Fic: "Shallow Graves" (Gen, PG-13)

Jul 10, 2009 17:42

Title : Shallow Graves
Author : valmontheights
Rating : PG-13 (gen)
Characters : Sgt. James “Moe” Alley, miscellaneous others.
Disclaimer : “Band of Brothers” is a property of HBO, and while the series itself is based on the true story of Easy Company, this story is purely a work of fiction, based on the fictionalized movieverse with no disrespect intended towards the actual people and events on which it is based.





’It’s me!’ cried Tab, ‘Don’t do it!’ and yet
Smith charged toute de suite with bayonet
He lunged, he thrust, both high and low
And skewered the boy from Kokomo.

Damn you’re good, Smokey. Maybe you’ll write a little something for me this time.

Say, what rhymes with ‘riddled full of holes and bleeding from each one’?

---

It was a grey, overcast day when he set foot in Mourmelon, having busted out of Repo Depo and hitched a ride through Le Havre to get there. There was no feast to welcome him, no poetry, but he knew that he was back where he belonged. They saw him coming and soon there were pats on his back, light punches on his shoulders, while someone-Liebgott?-slipped a cigarette between his lips and lit it for him. They called him a ‘crazy bastard’ and goaded him about the scars on his face, and there was Luz dutifully cracking a half-hearted joke about having one less asshole to compete with for the ladies’ attention. Alley smiled through all this, smiled because it seemed the right thing to do, and he didn’t tell them that he still woke at night fearing that the punctures in his flesh had started bleeding again, or that he could still feel the jab of Doc Roe’s morphine syrette in his left thigh. He didn’t tell them that when he was lying on that table looking up at the beamwork that held up the roof of the old barn, he’d actually felt like giving up. He could tell that he was slipping, eyesight growing blurry in the haze of Doc Roe’s voice and the hands that were fussing over his wounds-there were too many to count, gushing rich crimson life all over the hay-strewn floor.

So why’d they call those things potato mashers, anyway?

What a silly thought to end a life with, and maybe that’s what saved him. The refusal to go down unless in glorified heroics, Jimmy Alley the stubborn GI who believed everything the recruitment posters promised him. Fifty dollars more than the average soldier and pride enough to burst his lungs. He still believed this when he was jumping into the lacerated darkness of Normandy under a deployed canopy, like a messenger of God with silken white wings, though he was pretty sure that angels didn’t cut themselves on broken glass whilst landing on their asses. The damn French and their damn gardens. Maybe it was the twinge of those old wounds that dulled the pain of new ones, that kept his eyes open long after he could no longer understand the things he was seeing, Doc’s voice thick with its bayou sway telling him you’re gonna be okay, Alley and giving him no option other than to believe.

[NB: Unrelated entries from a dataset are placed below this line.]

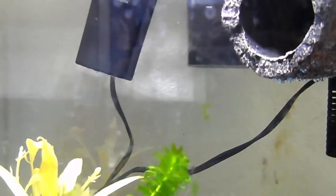Hi guys, it's Ashpaws. Welcome back to another video. Today I'm going to show you our new fish and guinea pig setups.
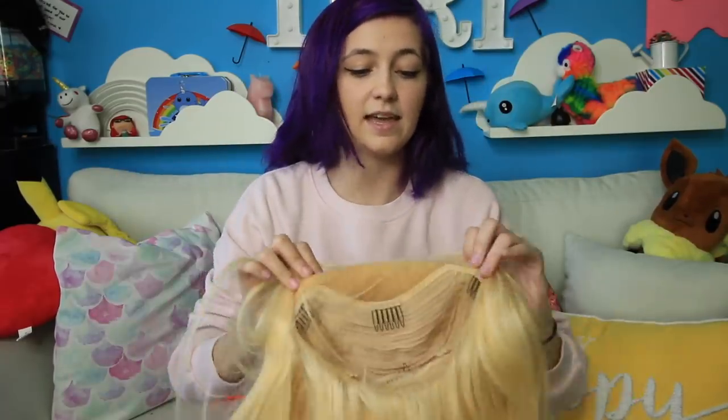Before I actually go and dye the hair, I'm just going to give you guys a little bit of details about the actual wig. So this is what it looks like. It is a lace front wig. I already went ahead and cut off the lace at the very front of it, so you wouldn't have to watch me do that. It's really easy — you just take some scissors and you kind of cut along the hairline.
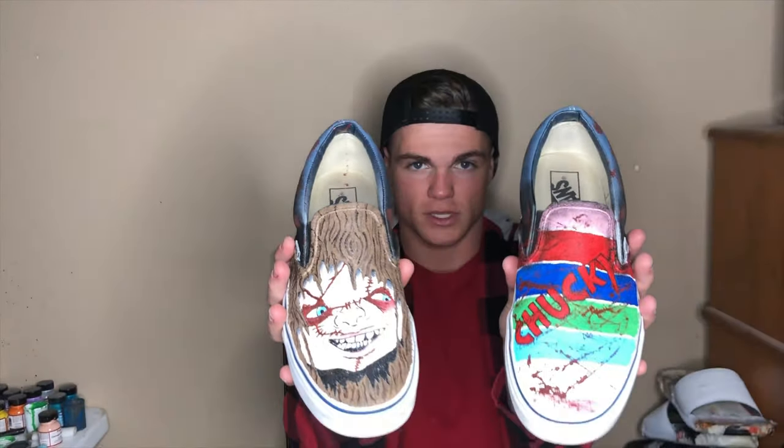Let me know what you guys think of these shoes down below in the comments. If you guys enjoyed the video at all, please leave a thumbs up down below. And if you guys would like to see more videos just like this one, subscribe to my channel. Until next time, guys.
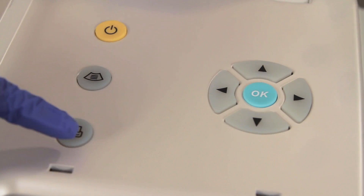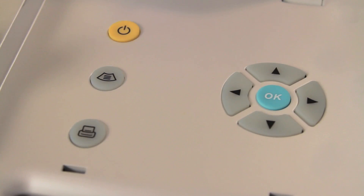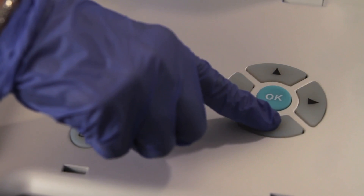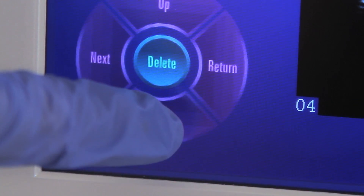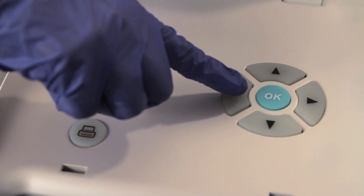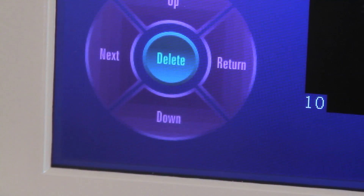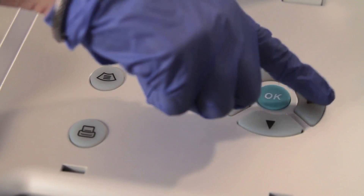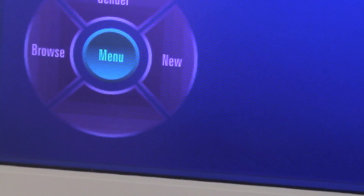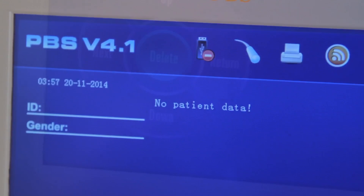Press the Printer key to print the current record being displayed. Press the up directional key or touch the Up functional key to display the previous record, and press the down directional key or touch the Down functional key to display the next record. Press the left directional key or touch the Next functional key to display the next six images. Press the right directional key or touch the Return functional key to return to the Ready screen. Press the OK key or touch the Delete functional key to delete the current record.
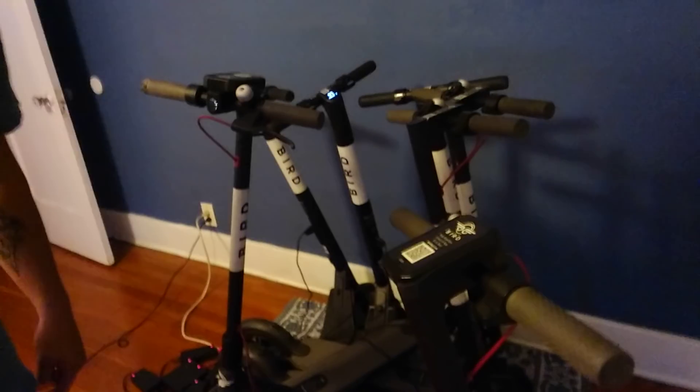Hello, this is Drew the Driver with Ride Into Cash. I just wanted to show you guys some of the issues that chargers will encounter when they go out in the field to pick up scooters to be charged at home. So today I went out and I found quite a few scooters. This is my nice stack of them all charging.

In the end, whose decision was it that the bits of shrapnel all missed his major organs and arteries and stopped him from dying? What kept his heart beating and his mind lucid through all that? Was it God? Was it Doc? Was it Talbert’s damn dog licking profusely at his hand as they bandaged him up and got him ready to move out? Crazy bastard, lucky bastard. He ain’t nothing if not both.

“They gave you a Purple Heart for this?” that was Smokey. “What a waste.”

“Why?” Alley smirked at his buddy. “Not like I had to con them into giving it to me or nothin’.”

“You’re a magnet for disaster, Moe.”

“Says the one who was hopping around on crutches for a good week or so-”

“Hey, it worked on the Aldbourne gals,” Smokey grinned. “Makes them sympathetic and all.”

Alley huffed. “Always figured you’d need help just to get skirts to notice you.”

“Yeah, well good luck trying to get laid with these, buddy.” Smokey prodded lightly at the scars on Alley’s face with two fingers, tapping the pinkish new skin as if wanting to see if it would come off. “They’ll notice you all right, then run away screaming.”

“We’ll see,” Alley said.

The very next day, Hitler launched the Ardennes offensive and they never got to see.

---

“Berlin by Christmas,” Alley grumbled as curled himself up as tight as his ODs would allow. “Nice one, More. Real nice.”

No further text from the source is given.